- Venue: Huagong Gymnasium
- Date: 26 November 2010
- Competitors: 8 from 8 nations

Medalists
| gold medal | Gelegjamtsyn Naranchimeg | Mongolia |
| silver medal | Li Dan | China |
| bronze medal | Kyoko Hamaguchi | Japan |
| bronze medal | Guzel Manyurova | Kazakhstan |

= Wrestling at the 2010 Asian Games – Women's freestyle 72 kg =

The women's freestyle 72 kilograms wrestling competition at the 2010 Asian Games in Guangzhou was held on 26 November 2010 at the Huagong Gymnasium.
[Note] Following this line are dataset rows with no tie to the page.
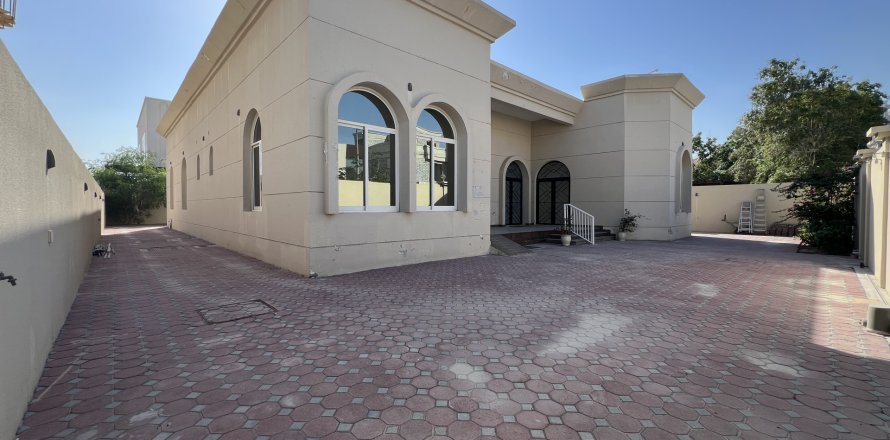 Huvila Al Barsha, Dubai, Arabiemiraatit 3 makuuhuonetta, 418.06 m2 № 750765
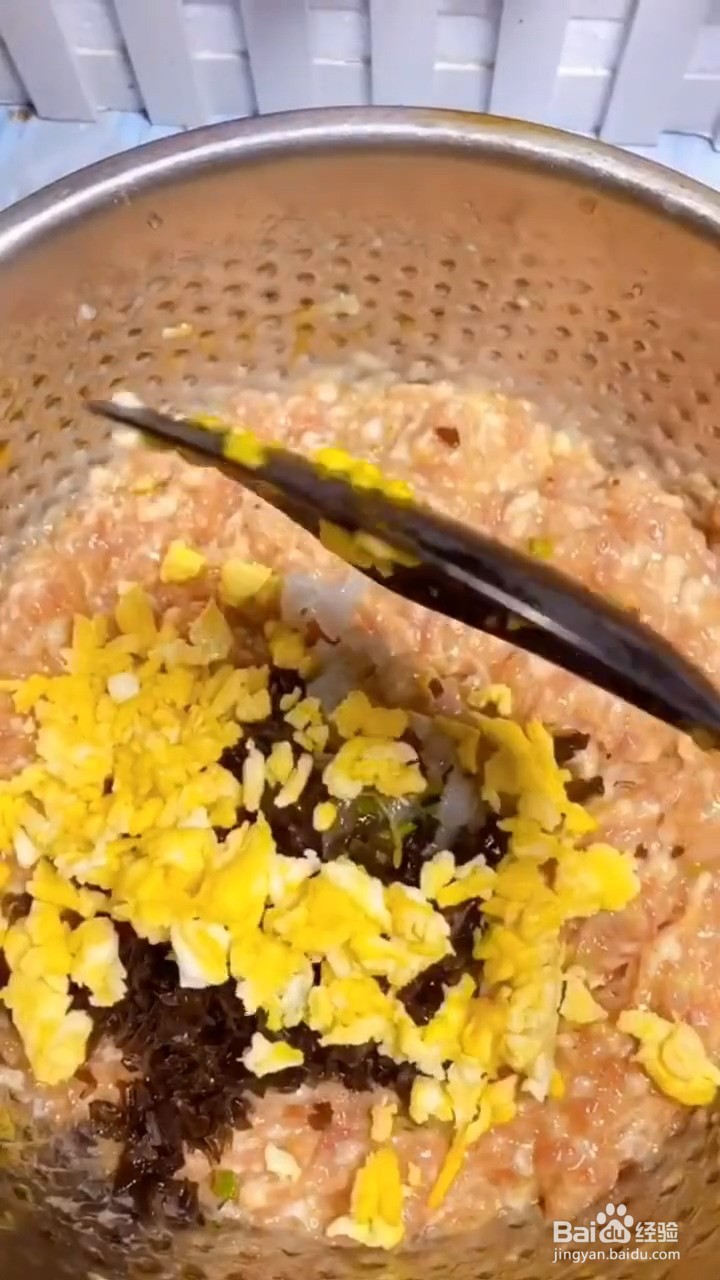 如何制作鲜美多汁的三鲜馅饺子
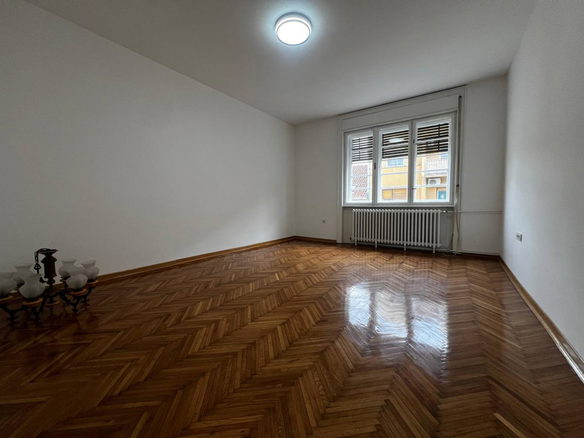 Lokal Izdavanje Novi Sad  80 m2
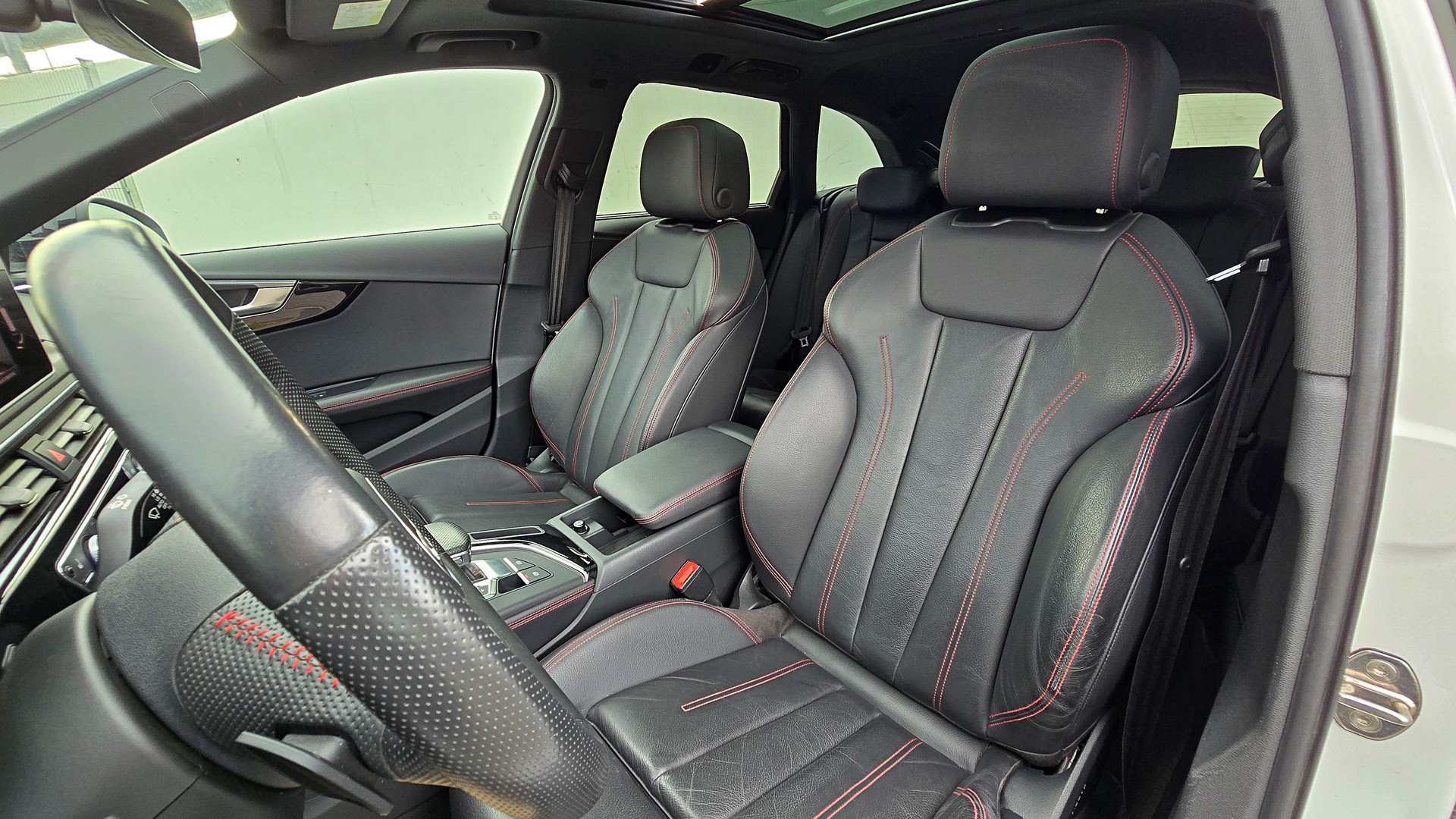 AUDI 2.0 TFSI 252 Sport quattro S-Tronic-image-13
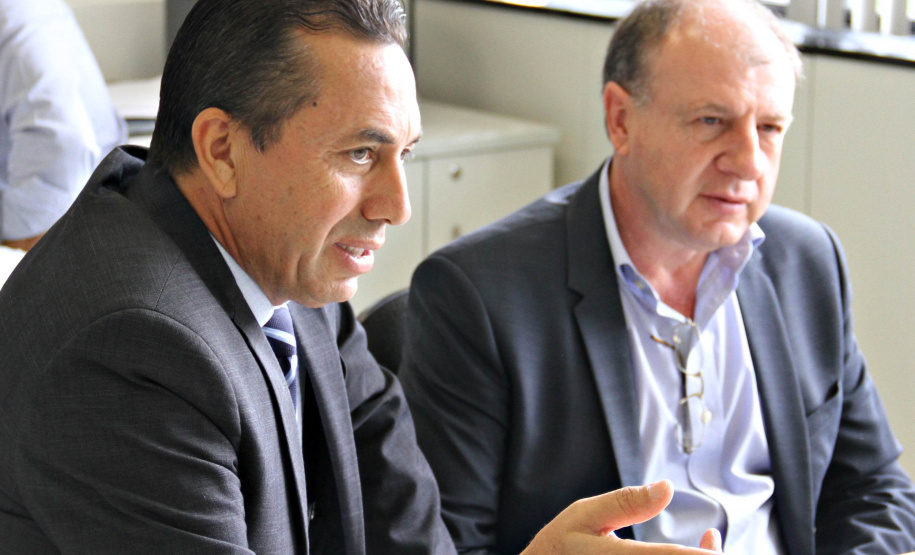 O secretário estadual do Desenvolvimento Urbano, João Carlos Ortega, recebeu nesta quarta-feira (06) o pedido de apoio ao processo para a implantação do Centro de Eventos de Terra Roxa, município da região Oeste do Estado.   -  Curitiba, 06/02/2019  -  Foto: Divulgação SEDU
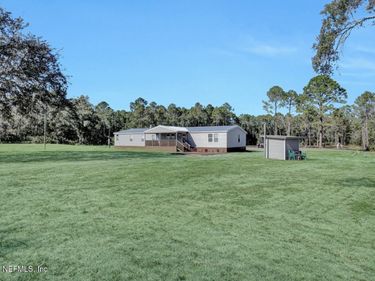 141 WOODS Road, San Mateo, FL 32187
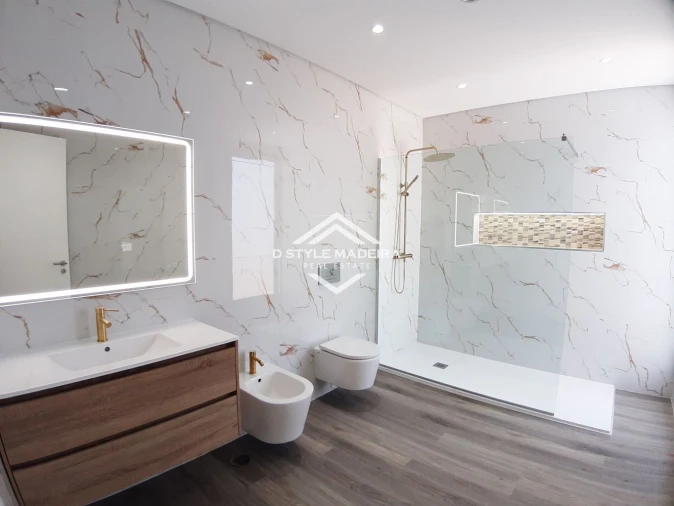 Apartamento T3 para Venda em Arco da Calheta Foto 35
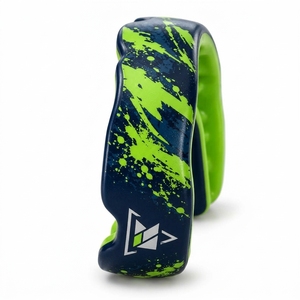 Protector bucal ligero con construcción flexible, bordes suaves y forma cómoda, adecuado para boxeo y artes marciales. - Product Image 3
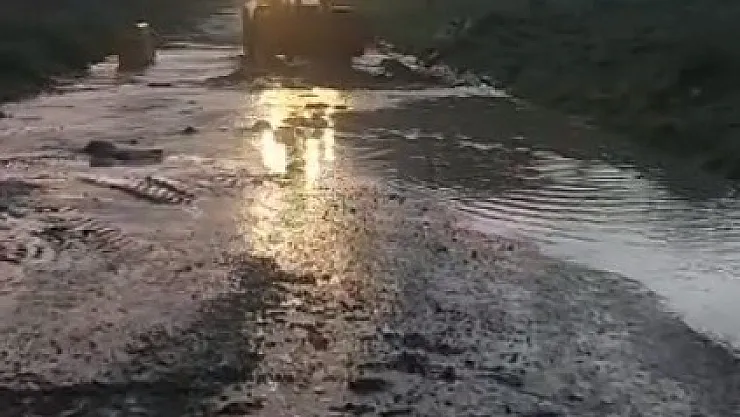 Yağmurdan dolayı kapanan yollarda belediye ekipleri uzun mesai harcadı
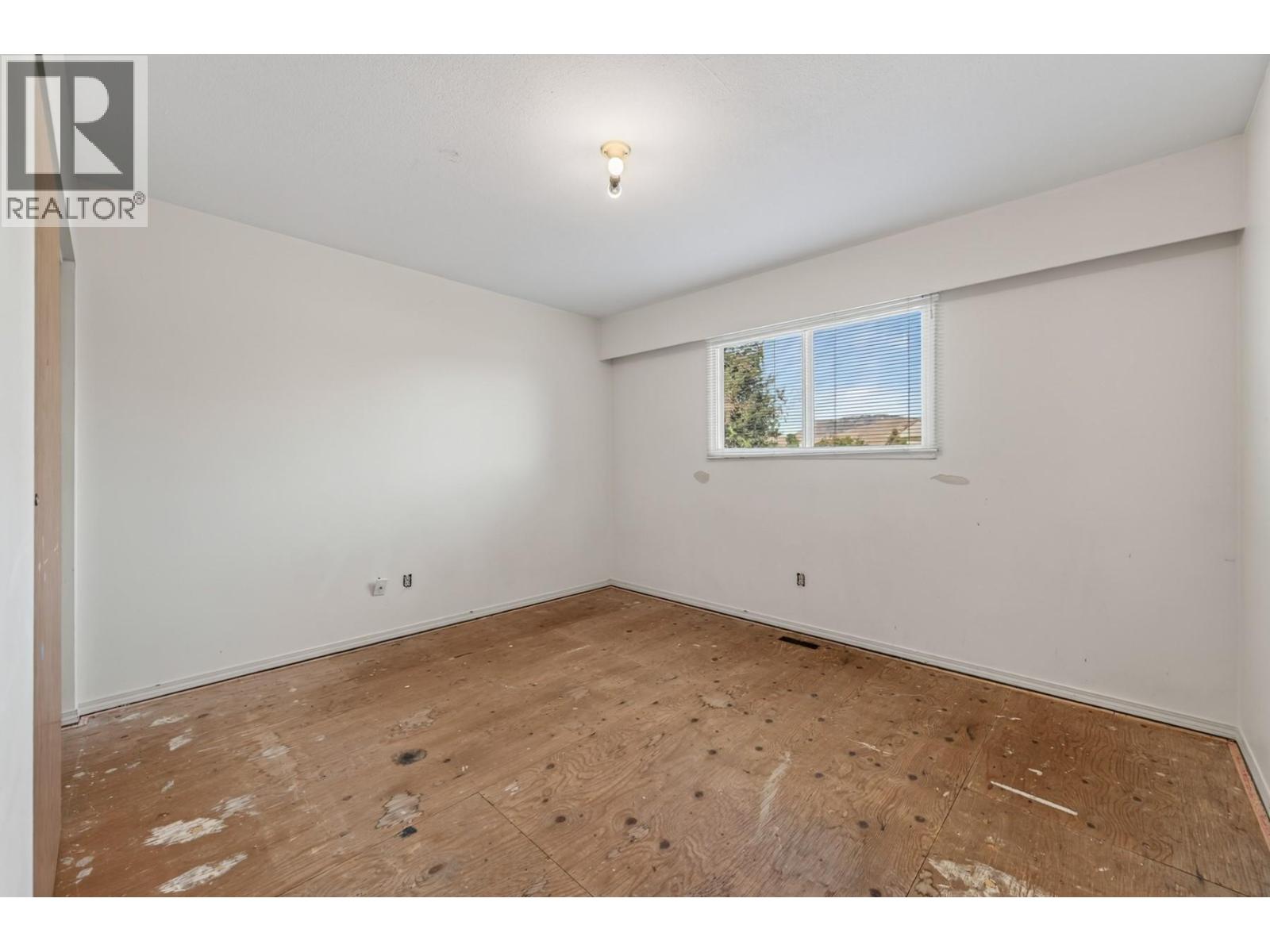 1037 Dundas Street photo 19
This freestyle wrestling competition consisted of a single-elimination tournament, with a repechage used to determine the winner of two bronze medals. The two finalists faced off for gold and silver medals. Each wrestler who lost to one of the two finalists moved into the repechage, culminating in a pair of bronze medal matches featuring the semifinal losers each facing the remaining repechage opponent from their half of the bracket.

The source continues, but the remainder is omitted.